Lukács non è solo un filosofo importante, ma è stato anche un grande scrittore, e la sua pagina è sempre stilisticamente apprezzabile, nonché pregna di intense riflessioni. Questo libro, come altre sue opere, si lascia leggere con avidità da quei lettori che apprezzano il raro connubio tra una prosa chiara e lineare, e la complessità della riflessione teorica.
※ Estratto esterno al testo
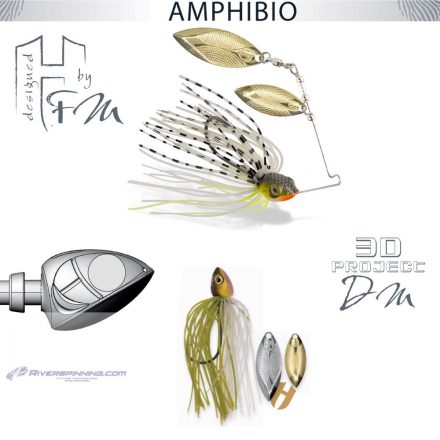 SPINNERBAIT AMPHIBIO WILLOW 3/8oz 10.5gr Ayu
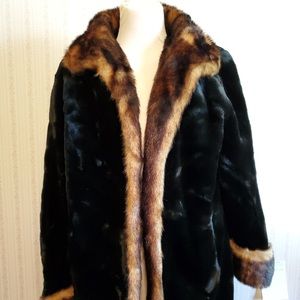 Tally Ho faux fur coat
Procedendo con ordine, l’autore segmenta il processo formativo di Marx secondo le fasi distinte della sua produzione giornalistica e filosofica. Secondo Lukács, la dissertazione dedicata alla Differenza tra le filosofie della natura di Democrito e di Epicuro, con la quale Marx completò il suo percorso di studi universitari nel 1841, costituisce una notevole testimonianza della capacità del giovane studioso di distinguersi nel quadro concettuale della sinistra hegeliana, per la sua volontà di cercare un superamento del padre della dialettica che non fosse estrinsecamente polemico. Vengono messi a fuoco già in questa fase aurorale del pensiero marxiano alcuni elementi importanti della sua successiva maturazione teoretica, primo fra tutti l’embrionale tracciato di un materialismo non naturalistico, inteso quale veicolo di emancipazione anti-assolutistica.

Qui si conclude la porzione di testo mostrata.